We have been enjoying outdoor Vermont this summer with walks and swims and road trips to new places to walk and swim. It's fun to watch Cassie learn. She prefers wide, deep brooks to rocky spills with deep pools. She likes to watch canoes and kayaks come off the lake. Task-driven, she likes to go after sticks, although retrieval is not her strong suit.

Toby meanwhile finds rocks and moves them. Sometimes he makes pyramids, sometimes he takes a rock across the brook and buries it in a new place. I think back to college geology class lectures about all the ways that rocks and soil get transferred from place to place and I wonder if they thought about Toby.

Wednesday, August 23, 2006

Vacances de blog

It has been a summer not for blogging. Too much to see and do, too many new places to swim, too much to paint. We are still in this vacation mode, still feeling as if the summer will last forever.

But the trees have begun to turn. And the first frost warnings have sounded for the coldest hollows. Time to get the wood in.

The painting continues, although all other house and garden work has been put on hold. I don’t care if I ever cut the grass again—well, maybe once before frost—but I am determined to finish my painting project.

It’s gratifying to hear comments from friends and neighbors.

From the wife of a fellow Rotarian: “I am following your progress with interest. It looks like it is going well.” -- “Oh, please keep sending those positive thoughts every time you drive by.” –“Should I honk?” –“Yes! No, wait, perhaps not while I am on that tall ladder.”

From the guy in the hardware store who lives up the road in an impossibly well kept house: “I like the color. It will really ground that house. Good choice!”

From a colleague who lives even further up the road: “Did you fall off the ladder?”—“No, I am moving to the next section of wall, and it is hard for me to move that big plank, so I left it tilting from one ladder while I move the other around to the far side.”—“Oh, good, I was worried.”--"Thanks for watching and worrying."

And from everyone who sees hands or hair or even dogs, “What are you painting? Are the dogs helping?”

Why yes, they are. Toby sports a racing stripe from a porch windowsill, Cassie has frosted the tips of her ears.

Saturday, August 05, 2006

Beaver beaver

Beaver beaver
Build your dam
We’re the best team in the land
Beaver beaver
Bite and chew
We expect a lot of you!

(Old MIT fight song)

Our relaxation regimen these days consists of two dog swims a day, morning and evening. Yesterday we did a road trip to some swimming holes further away; today it was nearby Green River Reservoir.

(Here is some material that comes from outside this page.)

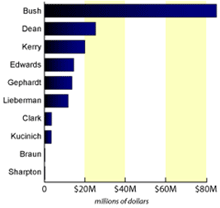 Fundraising, Bush takes the lead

We drove all the way to the end of the road, then hiked for awhile, passing beaver ponds and following moose tracks.

A beaver pond is a remarkable achievement. It is a little spooky to be walking on a trail with a pond to your left two feet higher than the trail. You can see why the MIT boys at the turn of the century referred to the beaver as “nature’s engineer.”

One of my Vermont books says that seeing a beaver is unlikely, although you might see a nose in the center of a v-shaped ripple. And you very well might hear the sharp slap of broad tail as a warning. We heard two loud splashes today at the beaver pond, and Cassie made a swim for the source, but turned back. Whether it was my command or her native caution, I don’t know.

We love Vermont, but would happily forego close, personal encounters with beavers or with moose. We would just as happily avoid any repeat of Toby’s attempt to capture a woodchuck. This evening we found big goofy dogs at the Reservoir—that’s more our speed.